[[ Data supplied open ]]
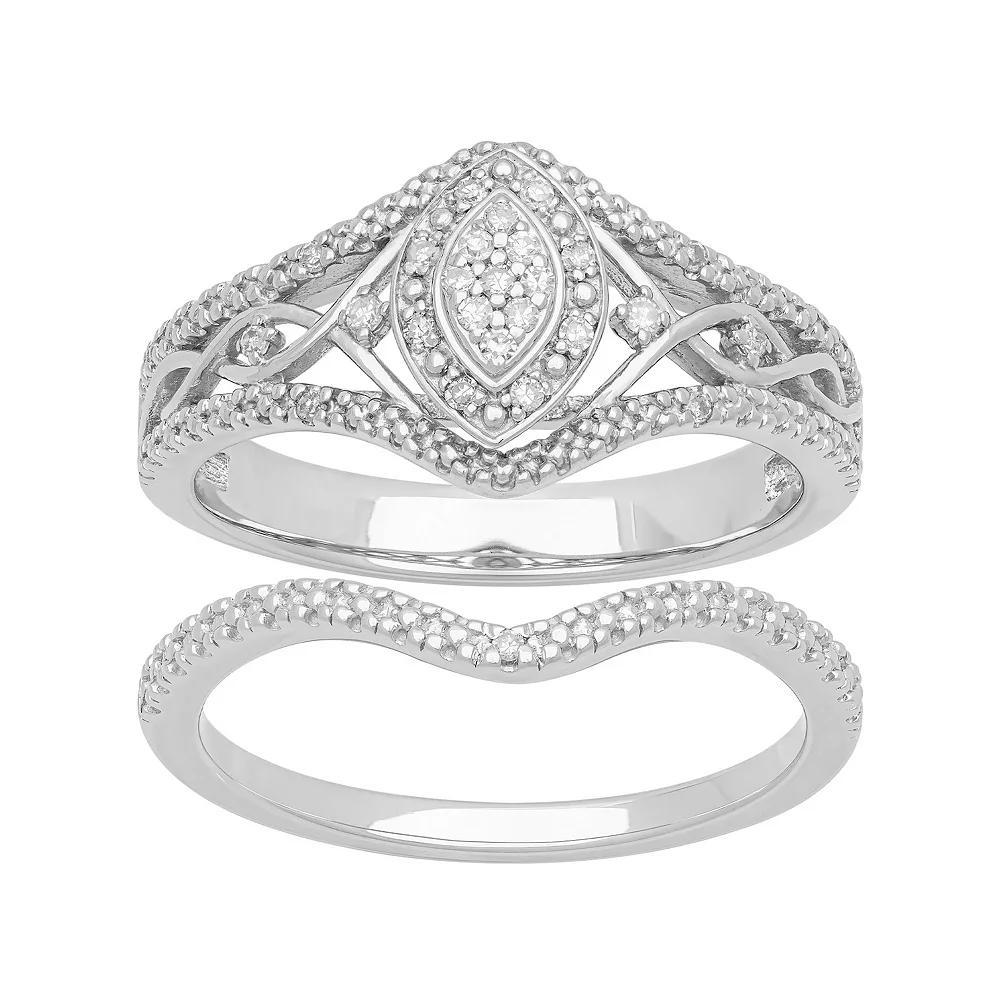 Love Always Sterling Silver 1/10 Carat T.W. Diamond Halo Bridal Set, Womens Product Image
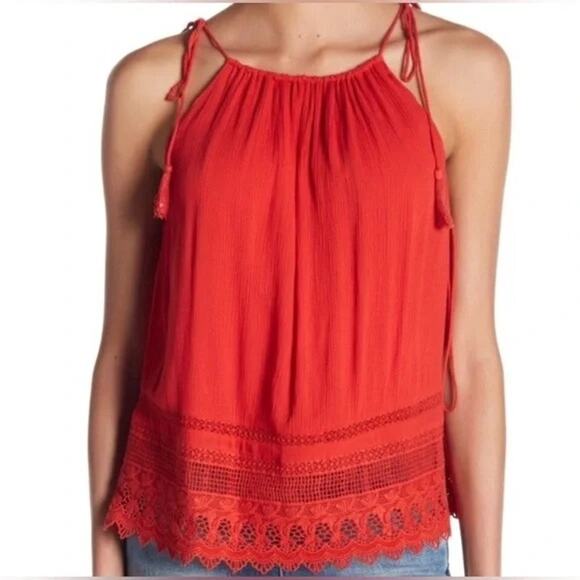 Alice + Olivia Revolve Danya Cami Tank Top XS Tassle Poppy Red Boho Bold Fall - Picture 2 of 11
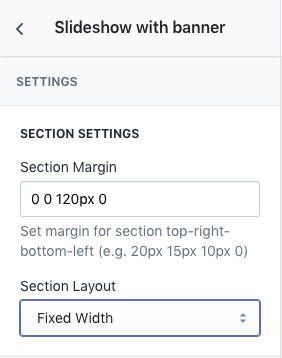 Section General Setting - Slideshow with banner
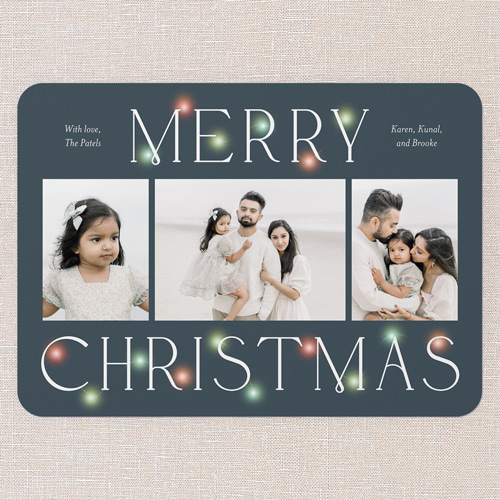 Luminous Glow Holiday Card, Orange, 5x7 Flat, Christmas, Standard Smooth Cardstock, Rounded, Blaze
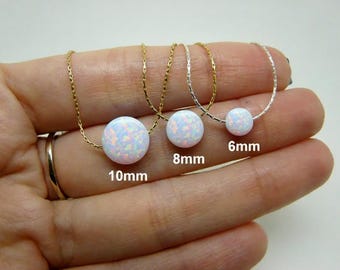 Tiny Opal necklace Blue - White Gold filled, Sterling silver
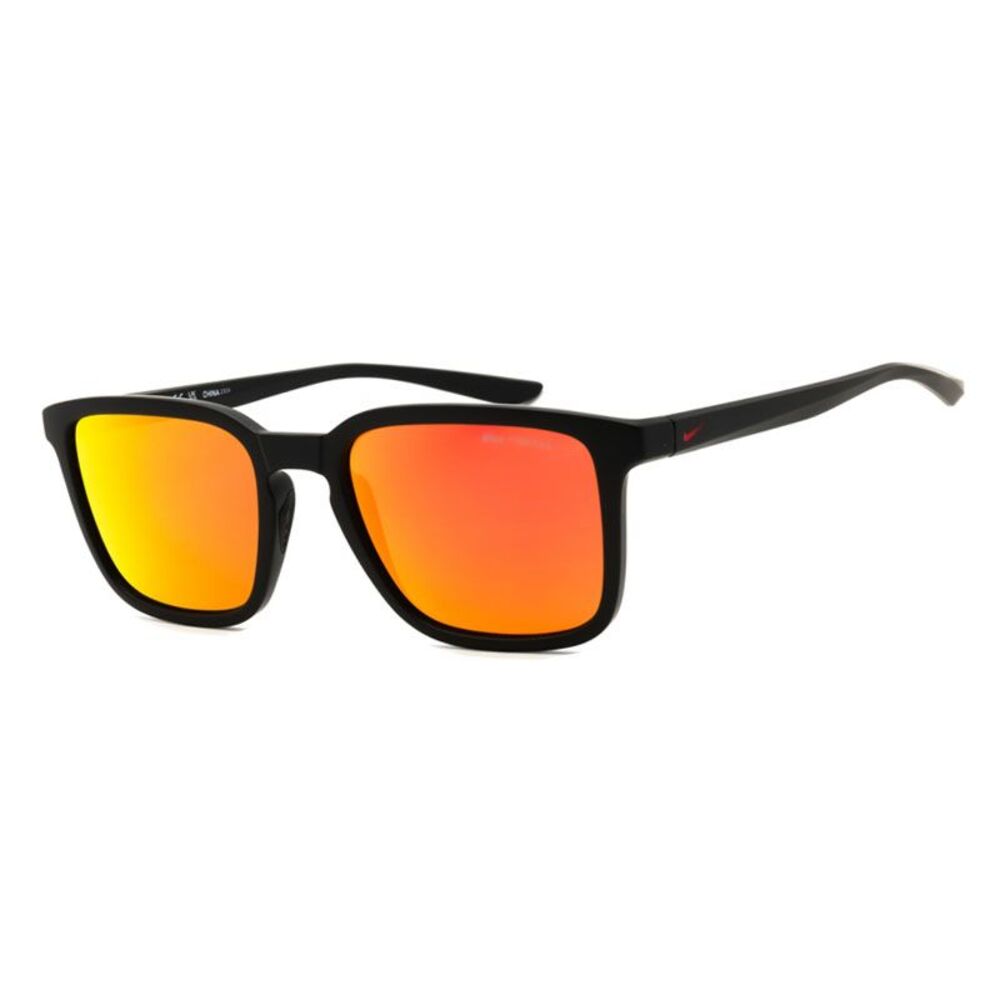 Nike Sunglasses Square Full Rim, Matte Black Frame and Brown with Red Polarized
[[ Data supplied closed ]]
Work to be completed
Without the images, print all of the lines above exactly.

Response area
 Love Always Sterling Silver 1/10 Carat T.W. Diamond Halo Bridal Set, Womens Product Image
 Alice + Olivia Revolve Danya Cami Tank Top XS Tassle Poppy Red Boho Bold Fall - Picture 2 of 11
 Section General Setting - Slideshow with banner
 Luminous Glow Holiday Card, Orange, 5x7 Flat, Christmas, Standard Smooth Cardstock, Rounded, Blaze
 Tiny Opal necklace Blue - White Gold filled, Sterling silver
 Nike Sunglasses Square Full Rim, Matte Black Frame and Brown with Red Polarized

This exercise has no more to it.